Beard Fernández’s Tres canciones are scored for soprano and six cellists: Henri du Bailly’s “Yo soy la locura” is an earworm, and Xoán Montes haunting duet “Negra sombra” includes an evocative recorder obbligato supplied by Iain Hall, who also pops up in a winning version of “Forêts paisibles” from Rameau’s Les Indes galantes. I’d never heard Shostakovich’s beautiful “Proshchaj, Grenada!” before, and it’s wonderfully performed by Williams. Rachmaninov’s Vocalise feels like an interloper, though Beard Fernández sings it beautifully. No matter – this is an enticing collection, well-annotated with full texts and translations.
Mēla Guitar Quartet: Overtures and Dances (TRPTK)
Good discs of transcriptions can make you think, temporarily at least, that you’re listening to a composer’s first thoughts. The Mēla Guitar Quartet’s Overtures and Dances gets it right: who wouldn’t want to hear the overture to Glinka’s Ruslan and Lyudmilla played by four guitars? This arrangement is both spectacular and sweet: Glinka’s fast scalic passages delivered with unshowy swagger, the players relaxing as one into the lyrical second subject. Brass fanfares and timpani strokes all survive their transmogrification – a triumph, in other words. Debussy’s Deux Arabesques are less outlandish source material, a two-handed piano line ingeniously divvied up between four guitarists to make a “rich, sustaining sonority”. Listen through decent speakers or headphones while looking at the booklet’s session photos and you can divine who’s playing what – that the playing is so superbly coordinated is remarkable. The Mēlas’ Ma mère l'Oye is based on Ravel’s five-movement piano-duet original. Every detail is audible, including the birdcalls in “Petit Poucet” and a growling, lumbering Beast, wittily depicted on a de-tuned low E string. Ravel’s “jardin féerique” glows, with some sumptuous closing chords.

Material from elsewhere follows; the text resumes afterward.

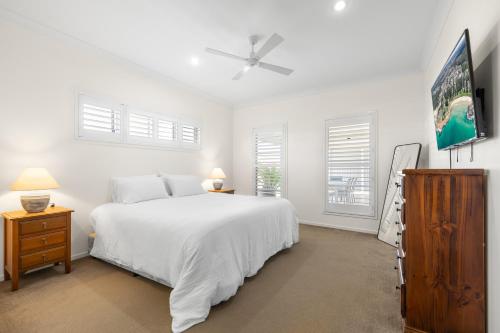 a white bedroom with a bed and a tv at Sea La Vie in Arakoon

There are some intriguing novelties here. Holst’s witty A Fugal Overture was new to me, the busy contrapuntal writing ideally clear, and these players catch the ebb and flow of Rachmaninov’s “Polka Italienne”. Other orchestral transcriptions include the “Bacchanale” from Saint-Saens’ Samson and Delilah and Elgar’s Three Characteristic Pieces, along with the overture to Humperdinck’s Hansel and Gretel. The arrangements, by past and present quartet members, invariably hit the mark, Daniel Bovey’s miniature suite based on Joe Hisaishi’s My Neighbour Totoro film score a delightful closer. TRPTK’s production values are high end, and the documentation is excellent.